Seismic Data Processing Platform Based on MapReduce and NoSQL

Project ID
Project Categories
Non-Life Science
We propose to develop a novel framework for seismology data processing founded on two relatively new but stable technologies: a NoSQL database system called MongoDB, and a scalable parallel processing framework called Hadoop. The processing system we propose will load core metadata from IRIS DMC into MongoDB to allow a seismologist to build a well-managed, working dataset for input into the system. We will use Hadoop to provide a scalable processing system. That is, Hadoop provides a mechanism to process the same dataset on systems ranging from a single multicore desktop to a state-of-the-art cluster with thousands of nodes.

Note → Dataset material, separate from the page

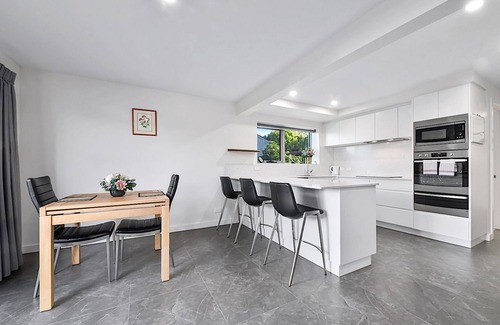 West Launceston Apartment | Family-Friendly Apartment in West Launceston - Rated 9.2/10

The Hadoop framework abstracts the processing flow into a concept called MapReduce. MapReduce vastly simplifies the process of parallelization as most standard serial processing algorithms can be adapted by writing a Map and Reduce wrapper procedure for the algorithm. Hadoop then handles scheduling and flow of data through the system. We will use MongoDB to manage data created at all phases of the processing systems. MongoDB is a document database which will allow us to manage four additional type of data that are traditionally treated very differently: (1) process generated metadata, (2) processed waveform data, (3) processing parameters used as input to individual algorithms, and (4) log output from individual processing algorithms. Integration of MongoDB and Hadoop is an established technology. The scripting language called Pig Latin will be used to build processing workflows. Construction of the framework itself is largely plug-and-play with initial development work need to define an efficient schema for MongoDB and implementation of MapReduce functions for a suite of algorithms we will need for testing. Research will center around four primary research questions. (1) How can we most efficiently extract, transform, and load data into MongoDB? (2) What is the IO performance of the framework with different configurations? (3) What are the tradeoffs with processing time scale of different algorithms? (4) How scalable is this system for seismic processing?
Use of FutureSystems
Implement our prototype system within FurtureSystems.
ETL seismic data into FutureSystems.
Experiment on the different configuration to find the most efficient IO performance.
Find out the tradeoff after applying different algorithms with MapReduce.
Test the scalability of the system.
Portability of the system to other platforms like AWS.
Scale of Use
I want to test how scalable this system is for seismic processing so I will need to scale VMs for an experiment.